**Work order**
Only certain lines below are wanted: those starting at the line containing "Leon Ko (R)" and ending at the line containing "Toyota Aygo 5-dörrar", both included, each retyped exactly.

=== Given records ===

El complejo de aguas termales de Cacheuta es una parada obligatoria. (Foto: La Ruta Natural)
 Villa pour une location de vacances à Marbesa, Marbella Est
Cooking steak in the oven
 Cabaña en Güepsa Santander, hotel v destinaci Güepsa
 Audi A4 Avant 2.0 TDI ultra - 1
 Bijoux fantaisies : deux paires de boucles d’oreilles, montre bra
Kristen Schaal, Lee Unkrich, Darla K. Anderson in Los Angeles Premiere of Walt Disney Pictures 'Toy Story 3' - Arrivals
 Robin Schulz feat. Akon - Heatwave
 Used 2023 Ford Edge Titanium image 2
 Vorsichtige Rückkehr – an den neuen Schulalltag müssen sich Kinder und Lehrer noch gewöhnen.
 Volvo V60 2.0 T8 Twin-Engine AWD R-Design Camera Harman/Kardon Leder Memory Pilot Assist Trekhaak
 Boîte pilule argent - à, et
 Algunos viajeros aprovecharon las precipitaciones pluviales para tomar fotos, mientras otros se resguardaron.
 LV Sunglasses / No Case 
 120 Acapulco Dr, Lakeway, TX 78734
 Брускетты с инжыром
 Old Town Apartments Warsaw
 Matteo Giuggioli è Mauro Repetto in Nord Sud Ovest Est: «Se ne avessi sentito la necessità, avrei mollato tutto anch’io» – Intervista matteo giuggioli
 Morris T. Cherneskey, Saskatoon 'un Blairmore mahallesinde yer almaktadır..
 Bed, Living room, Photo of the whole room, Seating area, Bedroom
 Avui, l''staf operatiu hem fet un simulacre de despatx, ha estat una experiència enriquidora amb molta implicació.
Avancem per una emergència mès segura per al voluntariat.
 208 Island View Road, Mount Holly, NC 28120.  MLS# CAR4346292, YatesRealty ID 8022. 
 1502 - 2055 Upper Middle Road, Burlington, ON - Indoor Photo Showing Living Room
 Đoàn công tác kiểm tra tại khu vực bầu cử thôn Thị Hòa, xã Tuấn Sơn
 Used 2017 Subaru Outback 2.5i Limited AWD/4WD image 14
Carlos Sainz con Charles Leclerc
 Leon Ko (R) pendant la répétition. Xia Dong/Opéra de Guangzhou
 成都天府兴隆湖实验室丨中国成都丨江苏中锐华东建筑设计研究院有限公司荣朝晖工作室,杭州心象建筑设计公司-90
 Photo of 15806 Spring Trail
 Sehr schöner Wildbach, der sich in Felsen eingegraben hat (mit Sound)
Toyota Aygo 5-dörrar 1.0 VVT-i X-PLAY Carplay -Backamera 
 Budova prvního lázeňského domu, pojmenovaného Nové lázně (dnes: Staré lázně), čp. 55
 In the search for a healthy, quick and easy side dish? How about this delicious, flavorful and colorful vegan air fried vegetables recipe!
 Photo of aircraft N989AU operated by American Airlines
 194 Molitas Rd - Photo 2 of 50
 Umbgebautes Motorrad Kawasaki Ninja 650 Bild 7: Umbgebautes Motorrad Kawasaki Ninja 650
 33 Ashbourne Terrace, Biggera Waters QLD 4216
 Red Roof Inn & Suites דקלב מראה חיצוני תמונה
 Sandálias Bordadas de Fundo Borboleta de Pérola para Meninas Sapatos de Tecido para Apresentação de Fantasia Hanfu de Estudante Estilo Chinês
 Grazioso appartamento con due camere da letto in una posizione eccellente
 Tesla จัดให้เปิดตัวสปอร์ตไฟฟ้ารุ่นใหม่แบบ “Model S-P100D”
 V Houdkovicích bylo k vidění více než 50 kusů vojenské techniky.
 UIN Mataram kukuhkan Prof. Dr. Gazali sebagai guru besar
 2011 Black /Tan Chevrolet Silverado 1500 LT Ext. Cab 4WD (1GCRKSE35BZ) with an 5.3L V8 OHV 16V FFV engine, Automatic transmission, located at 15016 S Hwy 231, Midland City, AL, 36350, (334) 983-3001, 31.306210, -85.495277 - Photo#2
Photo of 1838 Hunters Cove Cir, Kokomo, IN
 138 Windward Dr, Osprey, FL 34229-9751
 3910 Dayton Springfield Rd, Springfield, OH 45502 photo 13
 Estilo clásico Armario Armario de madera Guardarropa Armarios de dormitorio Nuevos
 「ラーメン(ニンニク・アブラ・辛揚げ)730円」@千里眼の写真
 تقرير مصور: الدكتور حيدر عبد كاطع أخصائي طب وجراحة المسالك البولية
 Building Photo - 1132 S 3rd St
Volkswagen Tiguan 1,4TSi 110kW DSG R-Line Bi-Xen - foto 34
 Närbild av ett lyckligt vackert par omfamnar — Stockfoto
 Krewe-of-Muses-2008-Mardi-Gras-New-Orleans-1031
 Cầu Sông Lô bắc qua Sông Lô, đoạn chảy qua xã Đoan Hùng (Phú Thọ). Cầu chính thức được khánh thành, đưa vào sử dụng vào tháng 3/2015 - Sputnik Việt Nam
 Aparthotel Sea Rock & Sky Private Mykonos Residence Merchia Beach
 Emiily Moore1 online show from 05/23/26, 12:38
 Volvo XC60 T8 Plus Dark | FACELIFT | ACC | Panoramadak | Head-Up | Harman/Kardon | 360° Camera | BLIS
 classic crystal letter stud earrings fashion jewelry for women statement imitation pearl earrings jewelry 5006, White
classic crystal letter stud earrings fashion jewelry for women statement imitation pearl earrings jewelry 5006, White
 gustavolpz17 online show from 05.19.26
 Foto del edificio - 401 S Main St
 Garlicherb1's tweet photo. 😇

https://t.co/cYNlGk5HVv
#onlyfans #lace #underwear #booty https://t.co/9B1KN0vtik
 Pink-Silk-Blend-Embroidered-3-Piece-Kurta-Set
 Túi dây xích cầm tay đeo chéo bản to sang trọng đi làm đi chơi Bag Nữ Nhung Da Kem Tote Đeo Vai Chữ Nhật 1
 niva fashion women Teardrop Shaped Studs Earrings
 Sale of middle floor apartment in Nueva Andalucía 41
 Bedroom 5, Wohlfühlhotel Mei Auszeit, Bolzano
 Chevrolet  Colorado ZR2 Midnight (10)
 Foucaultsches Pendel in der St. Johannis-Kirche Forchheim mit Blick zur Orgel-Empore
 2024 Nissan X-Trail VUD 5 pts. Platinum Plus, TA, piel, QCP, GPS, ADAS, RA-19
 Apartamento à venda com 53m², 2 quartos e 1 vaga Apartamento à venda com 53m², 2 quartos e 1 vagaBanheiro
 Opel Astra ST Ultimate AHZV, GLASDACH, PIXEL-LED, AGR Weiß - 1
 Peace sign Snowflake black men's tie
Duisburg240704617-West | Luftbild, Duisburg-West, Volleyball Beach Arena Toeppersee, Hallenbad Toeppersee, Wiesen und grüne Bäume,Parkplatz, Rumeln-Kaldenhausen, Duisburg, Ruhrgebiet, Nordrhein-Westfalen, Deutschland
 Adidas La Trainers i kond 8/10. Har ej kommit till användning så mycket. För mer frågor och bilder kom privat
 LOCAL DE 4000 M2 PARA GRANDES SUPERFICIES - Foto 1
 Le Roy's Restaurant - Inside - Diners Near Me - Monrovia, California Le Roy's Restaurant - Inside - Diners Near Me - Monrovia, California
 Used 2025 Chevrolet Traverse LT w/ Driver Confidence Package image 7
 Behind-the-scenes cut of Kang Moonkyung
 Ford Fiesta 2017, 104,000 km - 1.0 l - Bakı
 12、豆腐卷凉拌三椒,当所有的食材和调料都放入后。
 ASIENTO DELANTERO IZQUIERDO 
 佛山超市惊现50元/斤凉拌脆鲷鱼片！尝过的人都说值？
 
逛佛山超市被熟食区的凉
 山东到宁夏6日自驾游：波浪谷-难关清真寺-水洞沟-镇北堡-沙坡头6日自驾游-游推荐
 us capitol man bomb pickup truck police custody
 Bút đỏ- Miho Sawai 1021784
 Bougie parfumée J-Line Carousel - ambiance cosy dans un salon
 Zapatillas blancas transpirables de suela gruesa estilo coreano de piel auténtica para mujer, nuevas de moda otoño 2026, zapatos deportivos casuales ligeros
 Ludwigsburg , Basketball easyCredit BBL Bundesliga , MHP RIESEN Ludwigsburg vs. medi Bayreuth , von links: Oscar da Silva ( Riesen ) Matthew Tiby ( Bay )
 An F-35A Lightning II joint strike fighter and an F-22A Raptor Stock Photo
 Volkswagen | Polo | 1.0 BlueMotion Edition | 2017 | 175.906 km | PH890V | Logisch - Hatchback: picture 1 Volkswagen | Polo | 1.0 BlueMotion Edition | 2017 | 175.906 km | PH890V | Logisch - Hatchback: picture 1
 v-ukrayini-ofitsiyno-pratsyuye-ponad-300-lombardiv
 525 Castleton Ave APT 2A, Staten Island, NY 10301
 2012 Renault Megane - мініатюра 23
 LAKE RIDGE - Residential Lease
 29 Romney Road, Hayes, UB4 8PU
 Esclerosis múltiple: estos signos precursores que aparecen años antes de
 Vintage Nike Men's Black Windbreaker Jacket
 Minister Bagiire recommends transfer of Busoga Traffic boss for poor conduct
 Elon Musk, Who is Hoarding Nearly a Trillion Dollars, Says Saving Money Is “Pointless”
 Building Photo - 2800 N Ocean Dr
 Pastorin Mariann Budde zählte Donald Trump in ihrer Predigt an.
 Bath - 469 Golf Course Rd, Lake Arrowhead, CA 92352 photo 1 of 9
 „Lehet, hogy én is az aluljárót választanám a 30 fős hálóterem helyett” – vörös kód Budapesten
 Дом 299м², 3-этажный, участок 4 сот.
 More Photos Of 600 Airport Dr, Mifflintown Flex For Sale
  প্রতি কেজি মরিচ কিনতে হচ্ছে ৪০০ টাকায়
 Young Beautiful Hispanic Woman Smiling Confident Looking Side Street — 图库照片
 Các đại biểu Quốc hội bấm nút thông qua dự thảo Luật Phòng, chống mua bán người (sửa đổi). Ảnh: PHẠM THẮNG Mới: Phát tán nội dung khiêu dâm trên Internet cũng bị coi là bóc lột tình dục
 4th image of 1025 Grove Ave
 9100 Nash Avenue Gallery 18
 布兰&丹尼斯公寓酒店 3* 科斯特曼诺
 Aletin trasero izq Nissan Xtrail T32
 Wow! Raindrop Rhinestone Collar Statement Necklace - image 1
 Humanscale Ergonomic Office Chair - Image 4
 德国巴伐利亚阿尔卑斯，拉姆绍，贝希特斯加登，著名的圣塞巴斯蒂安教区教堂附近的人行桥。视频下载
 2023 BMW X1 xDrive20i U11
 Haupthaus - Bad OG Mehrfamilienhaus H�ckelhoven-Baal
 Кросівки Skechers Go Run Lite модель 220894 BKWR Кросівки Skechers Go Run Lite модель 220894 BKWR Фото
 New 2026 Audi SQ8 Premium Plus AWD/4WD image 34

===

**Task solution**
 Leon Ko (R) pendant la répétition. Xia Dong/Opéra de Guangzhou
 成都天府兴隆湖实验室丨中国成都丨江苏中锐华东建筑设计研究院有限公司荣朝晖工作室,杭州心象建筑设计公司-90
 Photo of 15806 Spring Trail
 Sehr schöner Wildbach, der sich in Felsen eingegraben hat (mit Sound)
Toyota Aygo 5-dörrar 1.0 VVT-i X-PLAY Carplay -Backamera 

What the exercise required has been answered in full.